PhysHSI: Towards a Real-World Generalizable and Natural Humanoid-Scene Interaction System

TL;DR

PhysHSI tackles real-world humanoid-scene interaction by unifying simulation-trained AMP-based policies with a coarse-to-fine perception system for robust object localization. The approach leverages retargeted MoCap data, an adversarial discriminator to guide motion realism, and a hybrid reference-state initialization to enable efficient exploration across long-horizon tasks. Real-world experiments show zero-shot transfer across carry, sit, lie, and stand tasks with strong generalization and natural motion, including outdoor deployment, supported by domain randomization and robust perception. The work provides a practical path toward generalizable, lifelike humanoid interactions and offers comprehensive evaluation protocols and insights for future real-world HSI research.

Abstract

Deploying humanoid robots to interact with real-world environments--such as carrying objects or sitting on chairs--requires generalizable, lifelike motions and robust scene perception. Although prior approaches have advanced each capability individually, combining them in a unified system is still an ongoing challenge.

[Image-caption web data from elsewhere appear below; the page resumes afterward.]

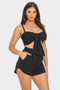 Front Oversized Bow Twisted Tie Top And Shorts Set​​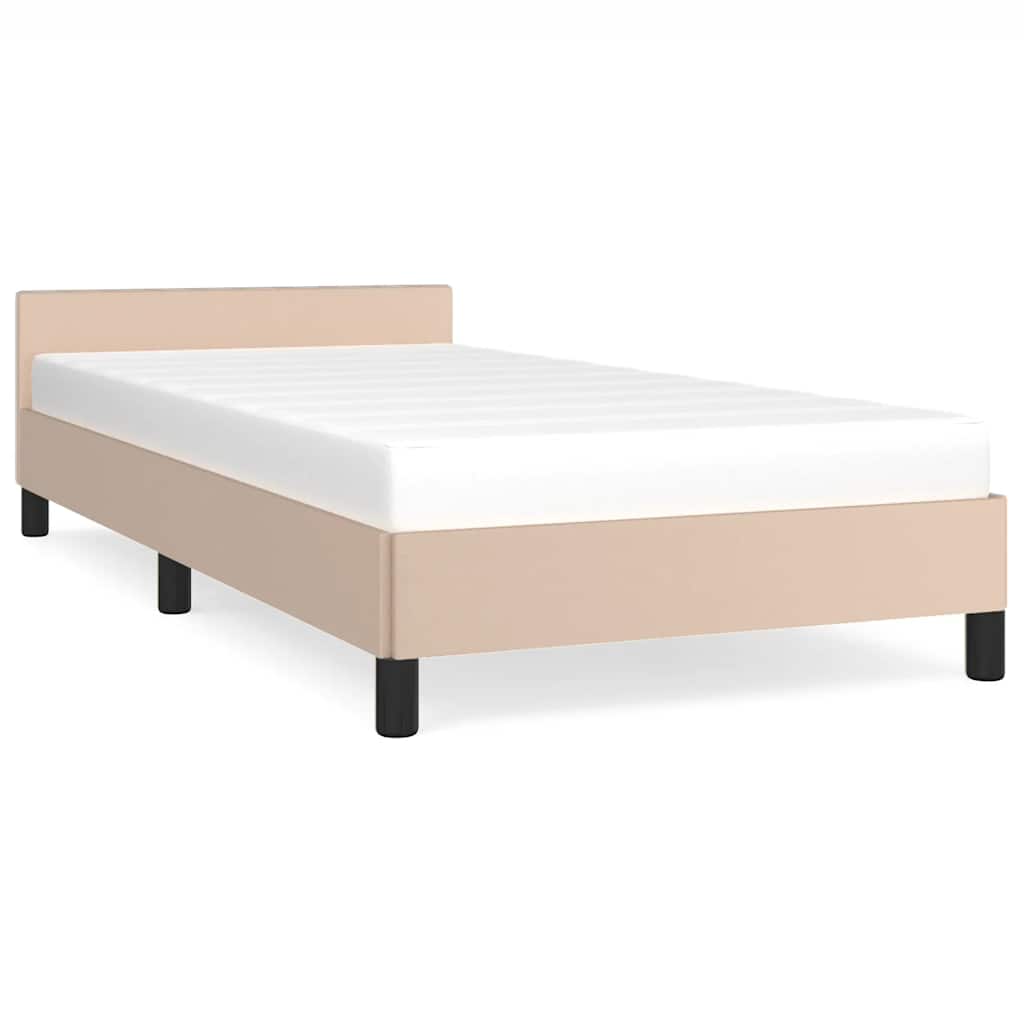 Bed frame with headboard without mattress Cappuccino 80x200 cm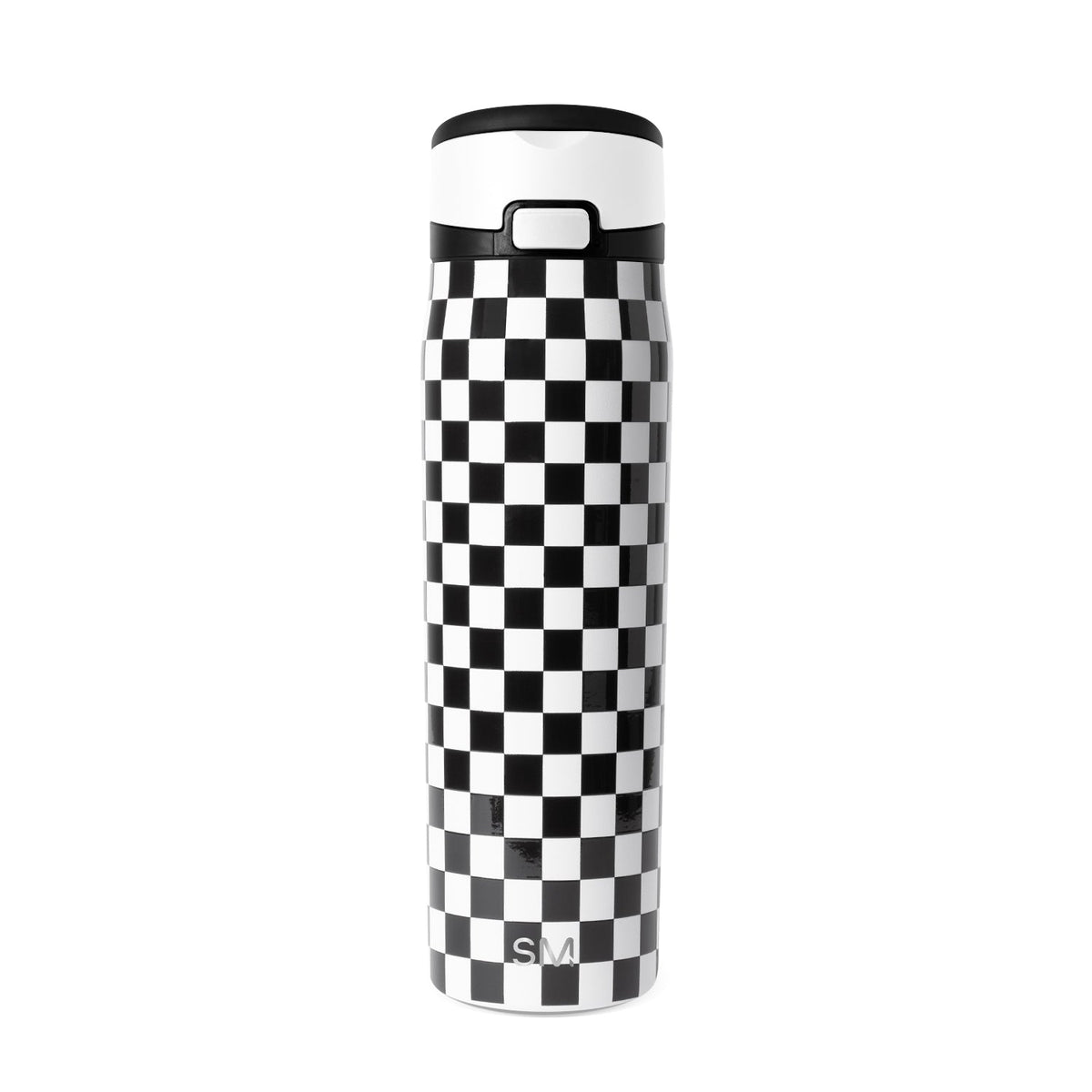 Black and white checkerboard water bottle with carry handle and SM logo on neutral background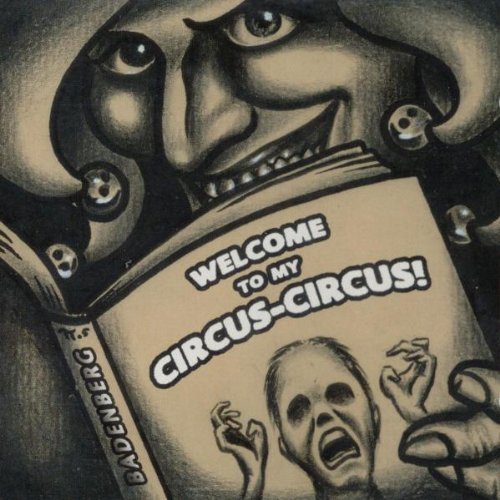Black and white illustration of a circus ringmaster and distressed face.
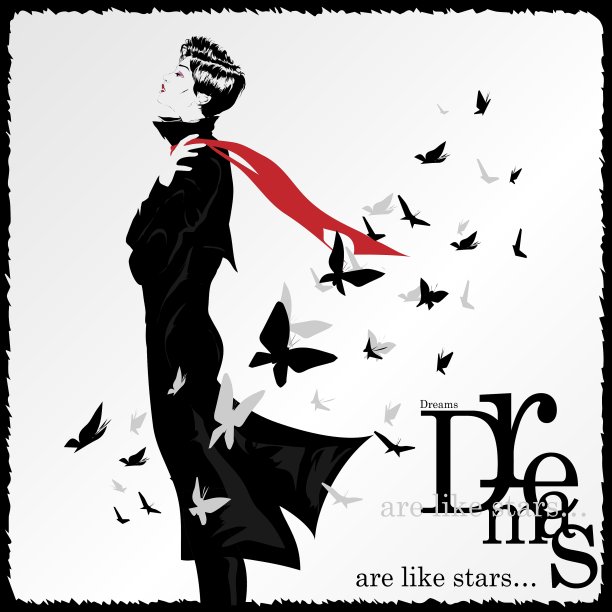 素描风格的时尚女孩图片下载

In this work, we present a physical-world humanoid-scene interaction system, PhysHSI, that enables humanoids to autonomously perform diverse interaction tasks while maintaining natural and lifelike behaviors. PhysHSI comprises a simulation training pipeline and a real-world deployment system. In simulation, we adopt adversarial motion prior-based policy learning to imitate natural humanoid-scene interaction data across diverse scenarios, achieving both generalization and lifelike behaviors. For real-world deployment, we introduce a coarse-to-fine object localization module that combines LiDAR and camera inputs to provide continuous and robust scene perception. We validate PhysHSI on four representative interactive tasks--box carrying, sitting, lying, and standing up--in both simulation and real-world settings, demonstrating consistently high success rates, strong generalization across diverse task goals, and natural motion patterns.

Paper Structure

This paper contains 40 sections, 22 equations, 5 figures, 10 tables.

Figures (5)

  • Figure 1: Overview of PhysHSI. (a) Dataset Preparation: Human motions from a MoCap dataset are retargeted to humanoid motions, and objects are annotated by identifying key contact frames. (b) AMP Policy Training: A discriminator distinguishes between policy-generated and reference motions to facilitate learning of natural behaviors and task completion. (c) Real-World Deployment: The coarse object position is manually specified using LiDAR visualization, and combined with odometry for coarse localization when the object is outside the camera's FOV. Once within view, AprilTag detection combined with odometry is used for fine-grained, automated localization.
  • Figure 2: Spatial Generalization. Root trajectories of the robot are shown for tasks (a) Carry Box and (b) Lie Down. Red trajectories indicate reference data, with others representing sampled policy motions.
  • Figure 3: Real-World Generalization.PhysHSI generalizes to diverse real-world scenes, (a) handling boxes of varying shapes, weights, and heights, and (b) sitting or (c) lying on chairs and beds of different heights, both indoors and outdoors.
  • Figure 4: Real-World Localization System Analysis. (a) Localization error versus robot–object distance, with coarse-to-fine transition statistics and distribution. (b) A representative object localization trajectory, highlighting three stages: (i) coarse localization, (ii) fine localization, and (iii) grasp.
  • Figure 5: 3D model of the D455 camera bracket.